**Assigned task:** Using the data below, print exactly the line with "Микроволновая печь Hansa AMM20BESH", the line with "Images for Queen's Gate, South Kensington", and every line between them, but none of the pictures.

**Given records:**
BEGIN

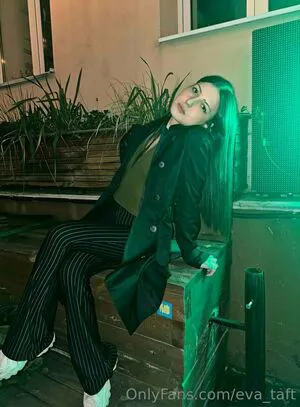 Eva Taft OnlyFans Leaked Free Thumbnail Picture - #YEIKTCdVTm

END
BEGIN

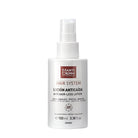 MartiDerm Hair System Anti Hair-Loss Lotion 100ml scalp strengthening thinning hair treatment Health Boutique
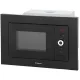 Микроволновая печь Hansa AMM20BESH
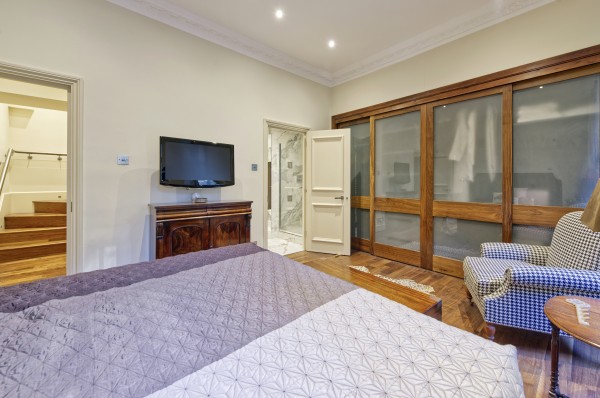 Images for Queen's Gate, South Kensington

END
BEGIN

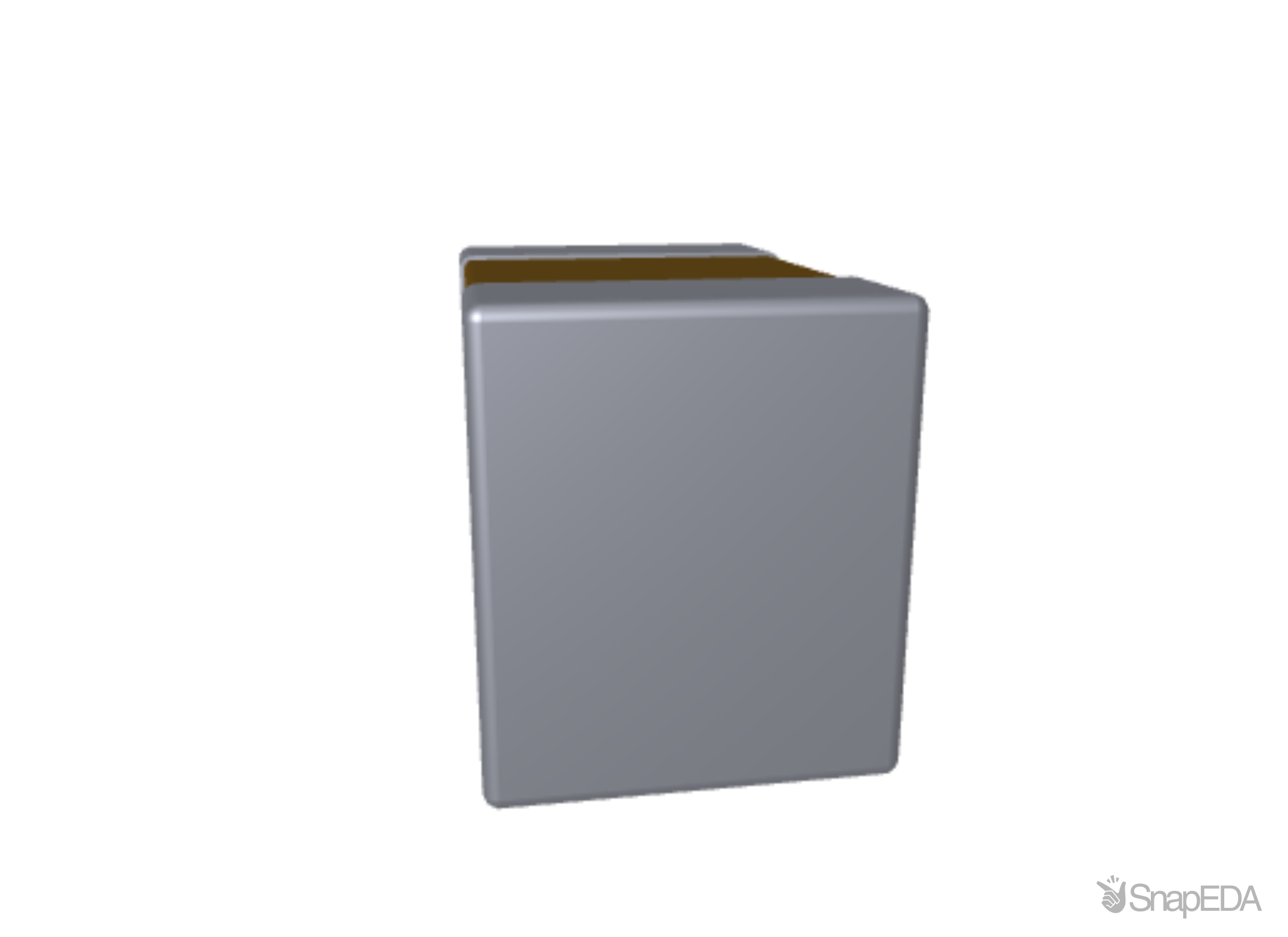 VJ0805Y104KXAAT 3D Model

END

**Solution to this task:**
 Микроволновая печь Hansa AMM20BESH
 Images for Queen's Gate, South Kensington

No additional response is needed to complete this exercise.